If one got close enough, one could see that they were fraternal twins, not identical, because one had blue eyes and one had green. They were not the sort of green and blue that were easily taken for one another, either, but a really bright icy blue and a really verdant sort of green, which was about as far from blue as green could get without being yellow. Despite the eyes, however, they looked rather more alike than brothers usually did; they had the same auburn hair in the same wispy ponytails, and they wore the same light jeans (rather, two pairs of the same kind of jeans, since both pairs were somewhat too tight to fit two people comfortably), and the same blue tee shirts (ditto).
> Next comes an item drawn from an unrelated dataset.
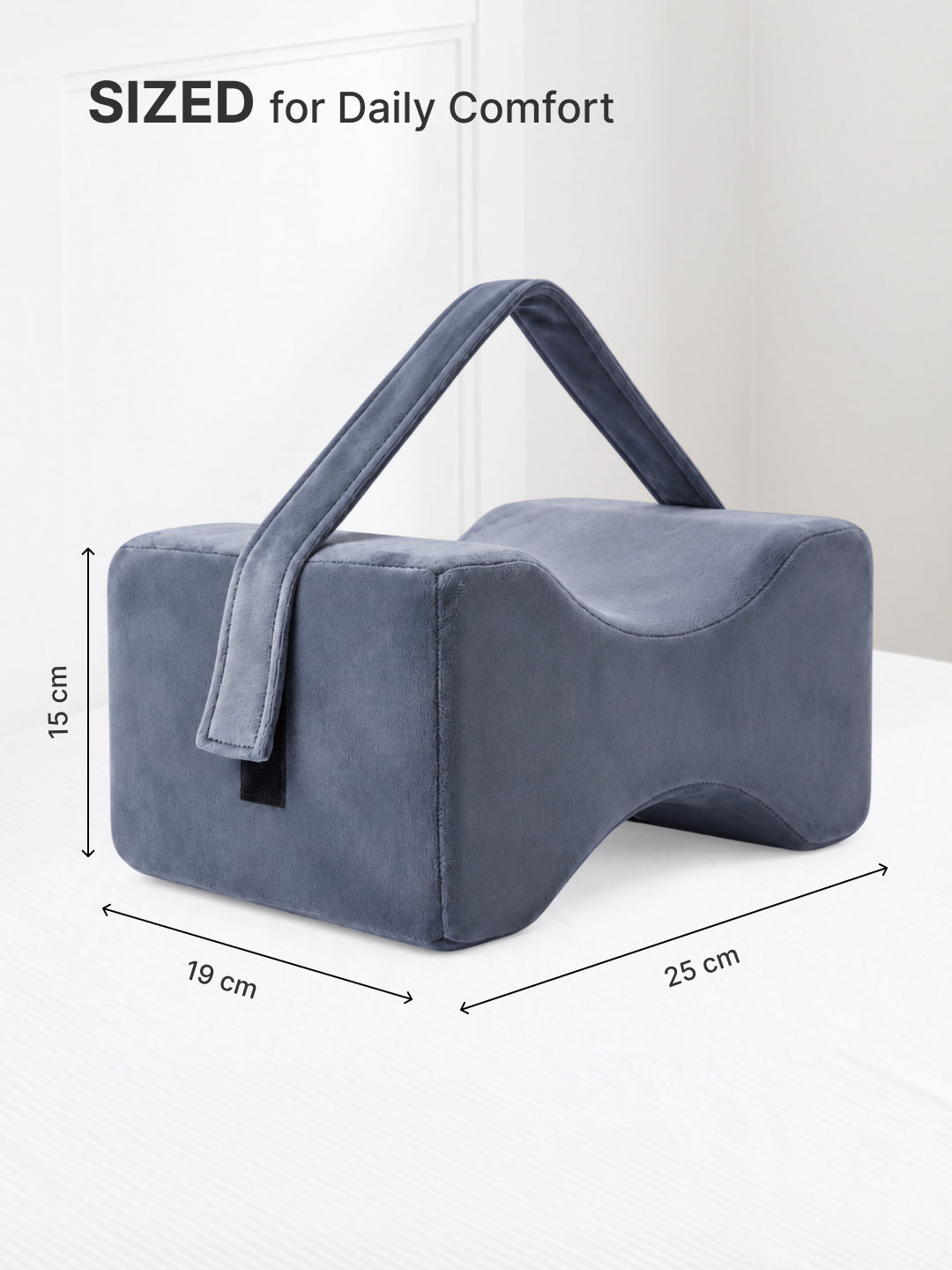 CULT Knee Support Pillow for Sleeping Side Sleepers Knee Alignment and Leg Comfort Cushion Grey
They leaned against each other in exactly the same sort of pose, which was both lazy and utterly contrived. In short, they may not, in fact, have been identical, but they did a very good job of pretending to be.
"Cold," said the blue-eyed one, who was also the one who had made the genius observation about the weather being 'miserable'. He was full of such pearls of wisdom – he was, for example, excellent at declaring a pot of boiling water to be 'hot', and chips to be 'salty', but only after he had tasted them to be sure.
"Yeah," said the green-eyed one, just as he had said before. He was likewise excellent at agreeing with his brother on such occasions, though once in a while he too had to taste the chips, just to be certain.
Neither of them had brought a coat. Sometimes they were identically dense.
"I wish the bus would get here. It's late."
"Yeah, I had noticed. I don't think we'll freeze, though. We can wait."
They waited a few more minutes, leaning close to one another beneath the flimsy shelter of the umbrella, growing steadily more miserable. Their misery was not quite identical; blue eyes peered anxiously down one side of the street, and green eyes looked steadily up the other.
"Could have had a break down," said the one with blue eyes miserably. "Or a flat. Or an accident."
"Could have, I suppose."
"Might not be coming at all."
Silence fell again, inasmuch as silence is composed of the sounds of wind, rain, and general city noises heard from a medium distance.
The wind shifted direction slightly, and they both got a little bit wetter and just a touch more miserable.
The blue-eyed twin huffed. "I've had enough of this," he said. "Let's walk it."
"Yeah," the other agreed, trying to turn the umbrella into a shield against the rain. "Of course, it'll be funny if the bus shows up after we've left," he said as they stepped into the street.
It did. As bad a job as the umbrella was doing to keep out the rain, it was even worse at holding off a bus.
Their names were Dominic and Dmitri, and they had both just died.